DeFrank of the DN saw a renewal of her ambitions, too. And the AP, keeping count, found that she used some variation of the pronoun "I" 17 times.

The Washington Post sees signs that a lot of her bitter supporters were unpersuaded.

The Joe Biden archive grows. The WSJ focuses on his legislative efforts to maintain Delaware's primacy as a corporate haven and service the needs of his backers in the state's corporate-law bar. USA Today looks at his efforts to block asbestos litigation reform at a time his son was filing lawsuits that would have been blocked.

A lot of attention will be focused on Bill Clinton's speech tonight, but strategists tell Newsday that Biden's speech could be the real high-risk moment for the Democrats, given his history as a loose cannon.

McCain, offering a unique reading of history, told the American Legion that America didn't need the rest of the world to end the Cold War. NATO stands for Now America Takes Over?

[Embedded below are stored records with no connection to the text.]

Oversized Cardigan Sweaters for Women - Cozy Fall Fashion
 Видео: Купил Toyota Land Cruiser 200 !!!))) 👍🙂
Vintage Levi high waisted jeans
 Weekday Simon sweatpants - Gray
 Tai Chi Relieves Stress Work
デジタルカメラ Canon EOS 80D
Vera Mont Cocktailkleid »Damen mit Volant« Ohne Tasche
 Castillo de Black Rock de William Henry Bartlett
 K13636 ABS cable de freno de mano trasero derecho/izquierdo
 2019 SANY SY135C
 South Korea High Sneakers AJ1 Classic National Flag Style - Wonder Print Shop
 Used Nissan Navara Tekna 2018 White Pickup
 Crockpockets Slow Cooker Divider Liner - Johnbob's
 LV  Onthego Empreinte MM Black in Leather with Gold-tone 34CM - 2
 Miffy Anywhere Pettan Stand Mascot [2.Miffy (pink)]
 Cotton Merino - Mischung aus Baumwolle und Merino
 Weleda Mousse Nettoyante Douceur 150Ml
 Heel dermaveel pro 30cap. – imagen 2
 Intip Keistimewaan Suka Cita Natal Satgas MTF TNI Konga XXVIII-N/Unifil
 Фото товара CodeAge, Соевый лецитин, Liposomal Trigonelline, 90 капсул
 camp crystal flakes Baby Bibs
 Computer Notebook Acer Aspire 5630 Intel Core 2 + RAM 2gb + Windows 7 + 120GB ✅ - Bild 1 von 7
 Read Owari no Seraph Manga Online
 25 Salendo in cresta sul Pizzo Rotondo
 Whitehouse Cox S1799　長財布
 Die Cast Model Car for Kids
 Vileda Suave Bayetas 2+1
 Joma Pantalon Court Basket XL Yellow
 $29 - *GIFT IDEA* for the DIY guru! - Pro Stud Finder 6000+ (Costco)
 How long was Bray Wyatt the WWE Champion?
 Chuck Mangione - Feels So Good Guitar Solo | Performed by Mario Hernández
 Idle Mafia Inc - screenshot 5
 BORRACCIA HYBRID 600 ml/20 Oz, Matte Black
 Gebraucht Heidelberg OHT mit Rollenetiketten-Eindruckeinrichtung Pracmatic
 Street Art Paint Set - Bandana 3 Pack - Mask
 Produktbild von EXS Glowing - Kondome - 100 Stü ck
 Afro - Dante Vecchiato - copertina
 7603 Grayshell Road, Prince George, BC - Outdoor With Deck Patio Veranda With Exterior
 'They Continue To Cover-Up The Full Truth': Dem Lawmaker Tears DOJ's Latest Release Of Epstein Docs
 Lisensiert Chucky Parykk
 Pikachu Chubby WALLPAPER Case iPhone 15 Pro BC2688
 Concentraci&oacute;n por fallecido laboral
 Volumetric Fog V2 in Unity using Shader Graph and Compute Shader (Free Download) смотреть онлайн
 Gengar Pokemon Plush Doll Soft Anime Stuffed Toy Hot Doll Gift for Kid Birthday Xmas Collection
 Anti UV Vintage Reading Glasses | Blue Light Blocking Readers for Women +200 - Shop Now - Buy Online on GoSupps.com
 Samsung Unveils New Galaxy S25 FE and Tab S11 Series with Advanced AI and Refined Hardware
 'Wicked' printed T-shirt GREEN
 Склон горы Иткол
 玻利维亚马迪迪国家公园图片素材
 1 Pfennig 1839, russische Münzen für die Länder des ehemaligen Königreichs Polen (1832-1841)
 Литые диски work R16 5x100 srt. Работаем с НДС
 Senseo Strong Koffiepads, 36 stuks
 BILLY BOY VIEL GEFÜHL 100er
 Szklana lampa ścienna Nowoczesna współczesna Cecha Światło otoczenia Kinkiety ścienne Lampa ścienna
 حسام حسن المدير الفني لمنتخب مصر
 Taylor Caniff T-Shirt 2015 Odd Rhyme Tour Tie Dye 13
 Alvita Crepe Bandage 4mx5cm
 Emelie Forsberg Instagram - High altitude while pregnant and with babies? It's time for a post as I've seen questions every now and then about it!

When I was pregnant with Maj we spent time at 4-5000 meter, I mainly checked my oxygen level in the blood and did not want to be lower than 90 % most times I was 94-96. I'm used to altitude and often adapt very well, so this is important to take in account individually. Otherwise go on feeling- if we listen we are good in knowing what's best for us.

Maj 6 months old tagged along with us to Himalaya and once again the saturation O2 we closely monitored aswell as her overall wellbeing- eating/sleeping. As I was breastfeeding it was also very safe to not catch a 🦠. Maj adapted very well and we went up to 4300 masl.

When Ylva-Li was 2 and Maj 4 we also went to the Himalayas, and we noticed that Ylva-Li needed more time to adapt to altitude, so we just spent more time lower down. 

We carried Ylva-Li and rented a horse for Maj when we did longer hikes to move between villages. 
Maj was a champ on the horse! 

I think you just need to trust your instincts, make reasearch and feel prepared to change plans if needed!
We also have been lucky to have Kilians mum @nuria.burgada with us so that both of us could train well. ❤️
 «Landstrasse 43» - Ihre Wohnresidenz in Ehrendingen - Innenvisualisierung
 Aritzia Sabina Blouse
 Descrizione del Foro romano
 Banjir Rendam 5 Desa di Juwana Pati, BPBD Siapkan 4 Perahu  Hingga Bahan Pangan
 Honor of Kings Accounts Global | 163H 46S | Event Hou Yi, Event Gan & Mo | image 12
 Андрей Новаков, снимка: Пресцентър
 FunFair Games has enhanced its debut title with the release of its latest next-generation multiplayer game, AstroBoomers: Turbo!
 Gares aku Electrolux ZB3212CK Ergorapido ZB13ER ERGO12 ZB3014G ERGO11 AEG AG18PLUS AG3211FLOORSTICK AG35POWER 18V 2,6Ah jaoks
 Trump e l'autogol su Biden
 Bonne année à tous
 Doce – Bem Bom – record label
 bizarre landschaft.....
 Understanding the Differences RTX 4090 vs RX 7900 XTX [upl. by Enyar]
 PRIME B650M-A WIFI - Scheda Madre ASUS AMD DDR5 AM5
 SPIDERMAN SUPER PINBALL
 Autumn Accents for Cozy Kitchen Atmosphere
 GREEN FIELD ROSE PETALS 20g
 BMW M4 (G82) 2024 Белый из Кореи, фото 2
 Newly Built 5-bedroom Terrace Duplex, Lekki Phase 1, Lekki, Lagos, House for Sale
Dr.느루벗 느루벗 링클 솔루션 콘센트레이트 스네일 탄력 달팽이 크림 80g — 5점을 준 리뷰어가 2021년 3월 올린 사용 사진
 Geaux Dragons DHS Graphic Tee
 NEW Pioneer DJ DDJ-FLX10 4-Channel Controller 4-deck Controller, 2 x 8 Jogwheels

Obama's fundraising is not keeping pace with his ambitious goals, partly because Hillary backers are not helping as much as expected.

Gov. Paterson's cameo at the convention was short, but an important moment for a politician trying to raise his national profile.

Westchester/Putnam Assemblyman Greg Ball stalked a girlfriend.

Bloomberg, who has shifted from encouraging loony speculation about the presidency or vice-presidency to encouraging loony speculation about a repeal of term limits, actually claims he can't remember how he originally voted on the issue.

The NYPost is going with the meth-heads plot against Obama angle.